Feb 102015
 
St Patrick's

St Patrick's (Photo credit: bigdmia)

Well it is that time of year again. St. Patricks Day is upon us and there will be legions of people who think the holiday is about green beer and getting drunk.  If you know much of anything about it, that is not the reason for the holiday at all and frankly, I resent the stereotype that the Irish are a bunch of drunks. I am not.

English: Marc Gunn performing at the New Deal ...

Image via Wikipedia

Listen to this tune by my friend Marc Gunn, Celtic music afficianado extrodinaire: St. Patrick Never Drank.  You can read more of his great stuff and listen to his killer Celtic podcasts over at MarcGunn.com  My favorite is the Pub Songs Podcast but the Irish and Celtic Music one is a very close second.

So, dear Cantankerous Readers, what are your plans for St. Patricks Day?  Are you going to go get blasted on green beer?  Raise a pint of Guiness? A few shots of Jamesons?  I want to know.
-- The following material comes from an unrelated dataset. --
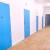 TriLink Storage - Gavintown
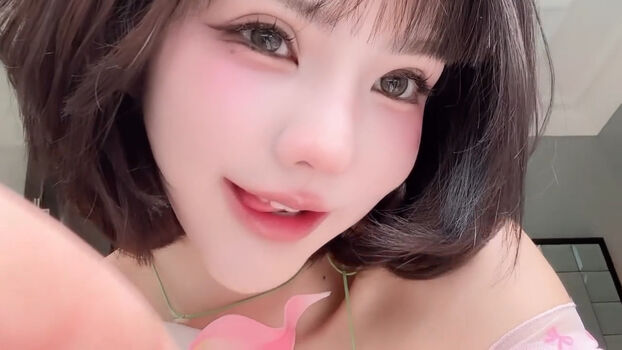🔥 Kaijeaw leaked private photo uncensored full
For my family this year it will be a bit different.  We are headed uptown to see my daughter and her school band perform in the St. Patrick’s Day parade.  That should be a ton of fun.  After that, my other daughter is going to be in a fashion show to celebrate the opening of a new mall here in Salt Lake.  They were looking for Make-A-Wish kids and she is too cute to be ignored!  See some stuff about her at ameliasmakeawish.com.(see how I worked that link in there?  I am that good.)

After all of those festivities, we will be home to see if the Leprechauns have invaded again.  They seem too every year and the kids love a scavenger hunt for gold (read chocolate) coins.

After that I don’t know what will happen, but it will all be without beer.  Probably lots of celtic music, most of it from Marc’s podcasts and albums.  If you need some tunes go here and get a load of 17 songs for this year.  Thanks again Marc.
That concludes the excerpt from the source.